The case starts ideally with a Patient downloading the Grapevine App. After opening the App, it registers in the GOE (Step 1). The registration involves only sending the Ethereum address and a password (and other authentication factors) for which the patient wants to receive grapes obtained from the enrollement in the Grapevineworld system. Notably, the GOE assigns an UUID to the user, so the Ethereum address may change at anytime. The GOE maintains a tuple
<patUUID, eth_address1, ..., eth_addressn> for ethereum addresses used in the current live data requests. Obviously, the patient can (and it is encouraged) to remove addresses when not used. The patient selects HPOs for which it has data, if available. If HPOs are not available in the dropdown list, the patient encounters (details depends on the regional/clinical workflow) its HPOs and it asks for registering (Step 2). The HPO will then push the triple
<patUUID, patientID, url_of_registry/FHIR_endpoint, url_of_repo, hpoid> (Step 3). It is worth noticing, that, depending on the various setting, additional steps may be required to allow the GOE to connect to the HPO's Vendor Façade. At this time, the GOE knows how the opaque string patUUID having Ethereum addresses, may have documents matching a request in the given HPOs. The patient may want to use any OpenID login mechanism (e.g., Facebook, Google) to facilitate the login system. No more data is stored in the GOE.

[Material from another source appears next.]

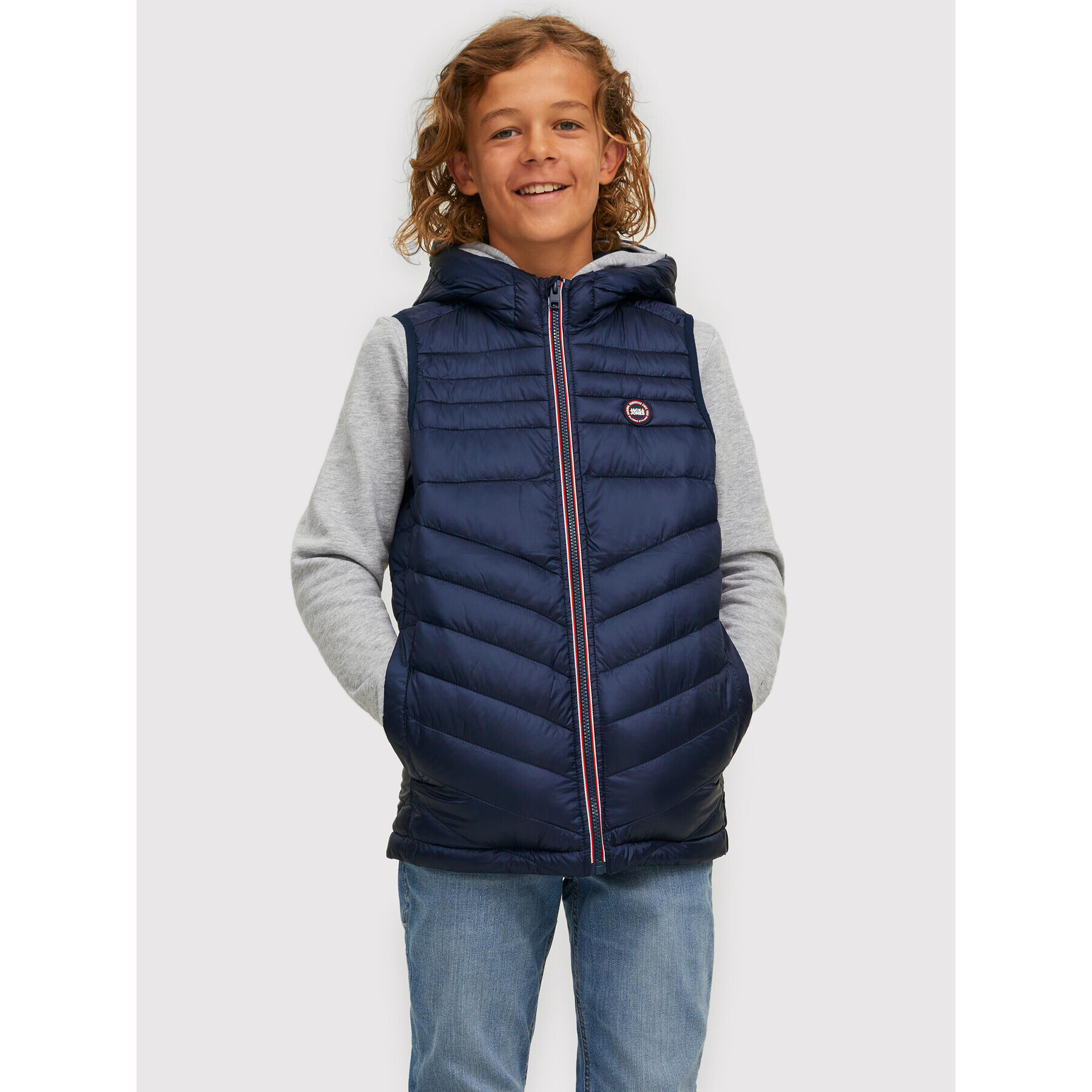 Jack&Jones Junior Γιλέκο - Pepit.gr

In this case (Step 4) a Pharmaceutical institute registers himself, and submits a Clinical Trial (Step 5) to the GOE. Notably, this operation can be automatical, or it may need negotiations with the GOE (depending on the complexity of the clinical trial). Trials may have certain inclusion and exclusion criteria, some of them can be decided by the GOE when the clinical trial is submitter, some others may need further access to data, and finally some other has to be decided by the requestor. At a first stage the coordinates of the phone (during the registration phase) will only be used as inclusion/exclusion criteria (e.g., inclusion based on a geographical area). In fact, a Push Notification about the new trial (Step 6) is sent to the App. The patient is asked for a consent (Step 7) to access data for a possible eligibility check (inclusion/exclusion criteria). Additionally, a questionnaire can be sent to the patient to further refine the criteria (Steps 8 and 9). If additional data is fetched and analyzed (e.g., to check if a patient has a history of specific encounters, checked by simply inspecting CDA XMLs, Steps 10, and 11) it is evaluated in Step 12. At this stage, the final decision if to include the patient in the trial is taken and the patient is notified in Step 13 (with another Push Notification). Fitness data available already on the phone (e.g. Apple Health, or Google Fit) will be used as well.

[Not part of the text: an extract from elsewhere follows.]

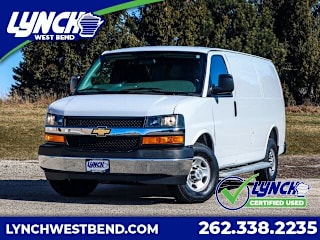 2019 Chevrolet Express Cargo 2500 1GCWGAFG8K1254195 2019 Chevrolet Express Cargo 2500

Once the patient has been elected to participate, a BPPC consent BPPC is submitted to all the HPOs belonging to the patient (Step 14). In Step 15, the metadata of the documents are accessed. Notably that the query is by default for CDA Level 3 documents. The reason is for data anonymization. CDA Level 3 have specific fields where the patient information are located thus the anonymization process will remove those information as soon as they arrive in the memory pool of the GOE resulting in a completely anonymized data (in Step 27). The same applies for XDS metadata: patient information is removed from the specific XDS slot (Steps 16, 17). If the clinical trial requires to wait for a specific document that will be available just after the enrollment of the patient, a DSUB subscription is made: when a new document will be available, a notification will arrive to the GOE (Steps 18 and 19). In Step 20, all the metadata is collected, and in Step 21 the amount of Grapes to be transferred to unlock the data is evaluated. The amount is returned in Step 22. Pharmaceutical institue transfers the grapes to the Ethereum address of Grapevine (Steps 23). Notably this process is defined by a negotiation when the trial is submitted. By default, a Ethereum address per clinical trial is created. This way Pharma will have access to all the documents exactly when all the HPOs and all the patients replied (within a limited amount of time). Pharma can also have early access to chunks of data. For each chunk a new address will be created. Data will be unlocked as soon as the Transfer event for that address will be emitted.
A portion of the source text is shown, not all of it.